Most of us know that when you raise funds at a startup, your company's ownership percentage decreases. As a founder, your goal is to enhance the startup's value, so the smaller percentage of a much larger value of your business will increase your absolute personal value than it was before funding.
- Startup founders dilute their percentage of holding and ownership in the company by issuing new shares in exchange for new capital being brought in by investors.
- As startups grow, founders may give out stock options to employees, advisors, and board directors to compensate for their work. New shares are added when the stock option holders exercise the option.
- Dilution also reduces a company's earnings per share (EPS), which can negatively impact share prices in the market.
- Startup founders need to know how to avoid dilution and loss of shares by clarifying the money they need at each stage and not raising more money than what is required.
- There are startup dilution calculators available, using which you can enter some minimum input data to compute the results of equity dilution.
The following section explains what dilution is, why it is required, and how it can significantly change your ownership position.
What is Startup Dilution?
In the early stage of a startup (say, the pre-seed stage), 100% of the equity is owned by the founders, sometimes with relatives and friends.
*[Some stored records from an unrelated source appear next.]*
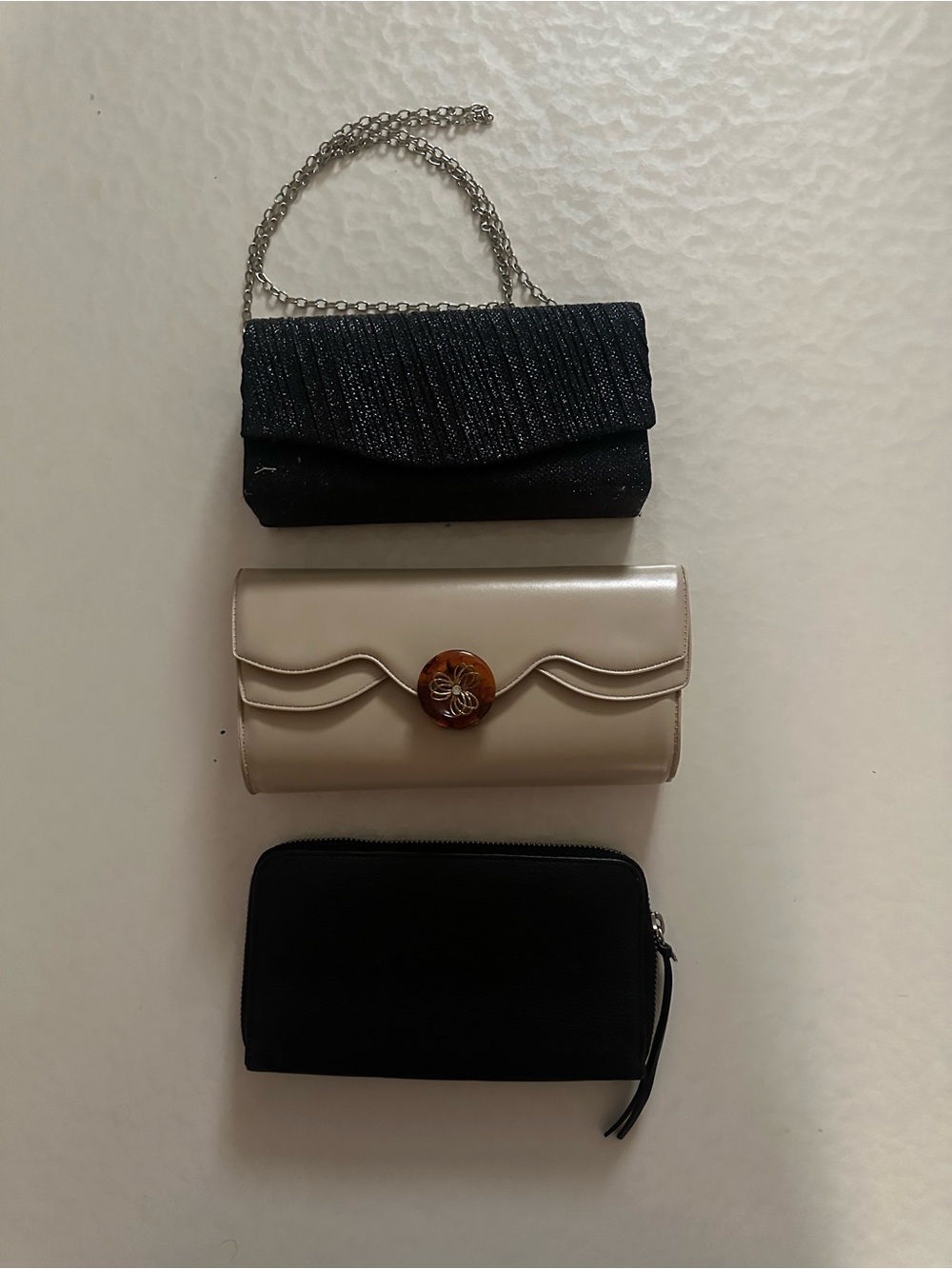 Bundle of 3 Women’s Purses Various Styles Amazing Condition Various Brands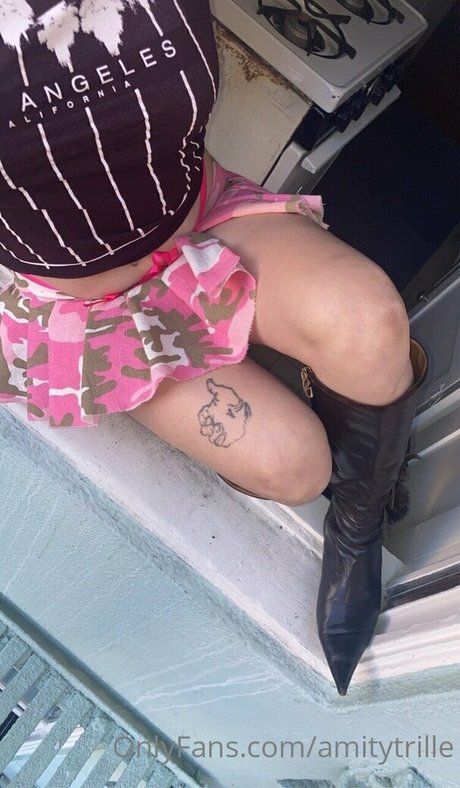 amythrill onlyfans leaks xxx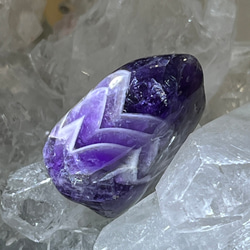 ファントム✨　アメジスト　紫水晶　原石　ミニタンブル 2枚目の画像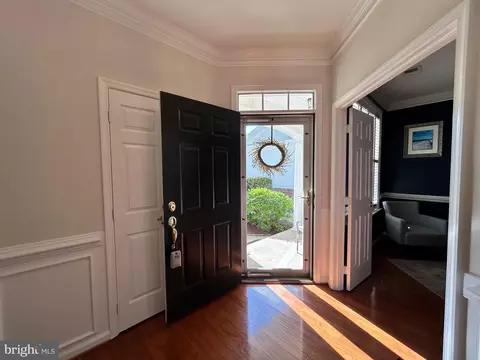 6938 Walnut Hill Dr, Gainesville, VA 20155 photo 4
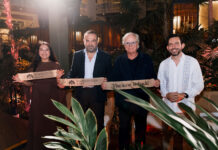 Paradisus Cancún inaugura una nueva era de lujo todo incluido con una propuesta de bienestar inspirada en el destino • Gabriel Escarrer corta la cinta de la apertura del hotel mostrando que el Caribe mexicano volvió a recibir al icono, Paradisus Cancún, acompañado de presencia institucional y celebrities como Vanessa Lorenzo, Grettel Valdez y Julie Sariñana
Hence the total control over the company lies with the founders' circle. This scenario changes when the startup needs more funds from outside investors to steer the company to the next level. When the new funding occurs, the existing equity holders concede a certain shareholding percentage to the new investors. The decrease in the percentage of holding and ownership of existing shareholders due to issuing new shares to the incoming investors is called dilution.
Any subsequent equity dilution can significantly impact the ownership stake of founders and other existing investors. To better understand the concept of equity dilution, let us imagine that Investor A owns all 900 shares—100% shareholding—of A's startup company. Now, assume that the company raises new equity funding by issuing 100 new shares to Investor B. After this new investment from Investor B, Investor A's holding and ownership percentage go down from 100% to 90% (900 shares/1000 shares). Investor A's stake in the company has been diluted because 10% holding has been conceded to Investor B.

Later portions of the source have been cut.